What you need to do:
Word for word, restate the listing; omit the pictures.

Data shown:
»»

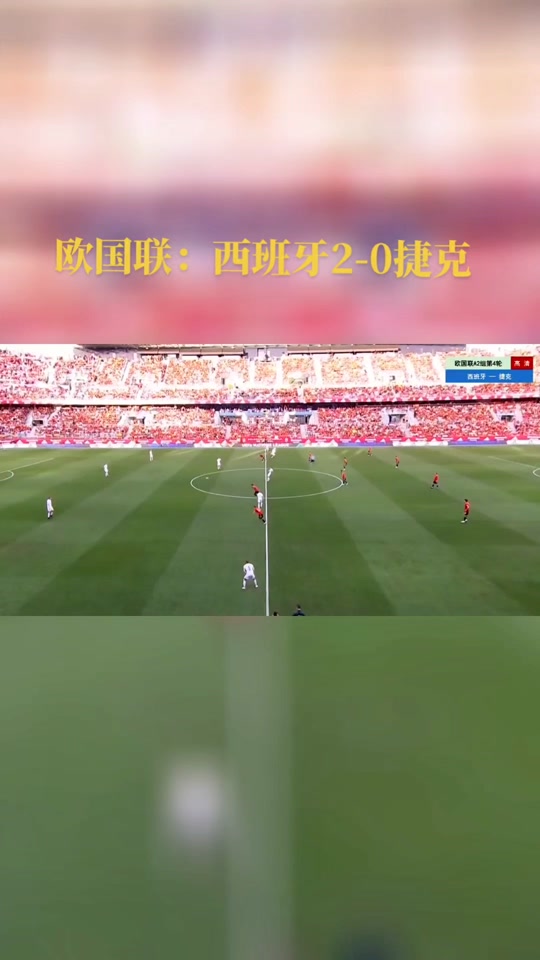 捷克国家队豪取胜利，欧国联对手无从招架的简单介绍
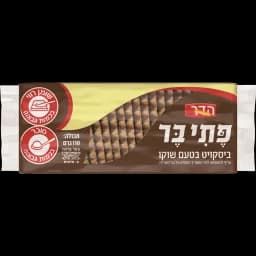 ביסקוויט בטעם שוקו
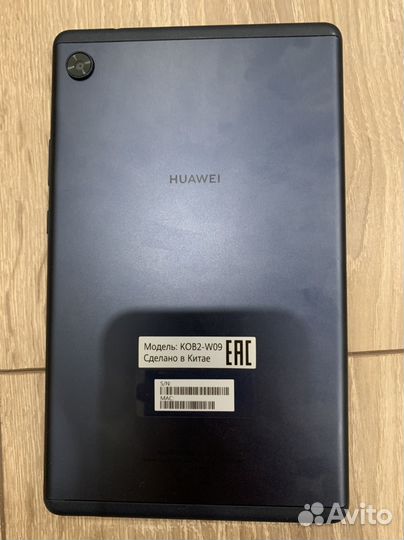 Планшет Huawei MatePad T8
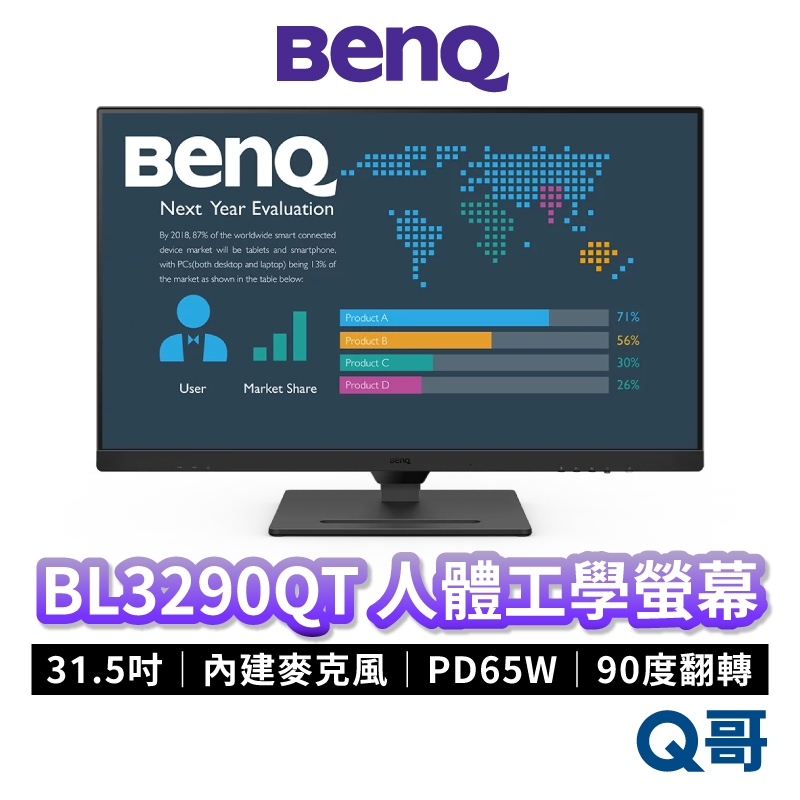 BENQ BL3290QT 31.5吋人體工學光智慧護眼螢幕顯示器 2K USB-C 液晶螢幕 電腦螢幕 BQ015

««

Answer section:
 捷克国家队豪取胜利，欧国联对手无从招架的简单介绍
 ביסקוויט בטעם שוקו
 Планшет Huawei MatePad T8
 BENQ BL3290QT 31.5吋人體工學光智慧護眼螢幕顯示器 2K USB-C 液晶螢幕 電腦螢幕 BQ015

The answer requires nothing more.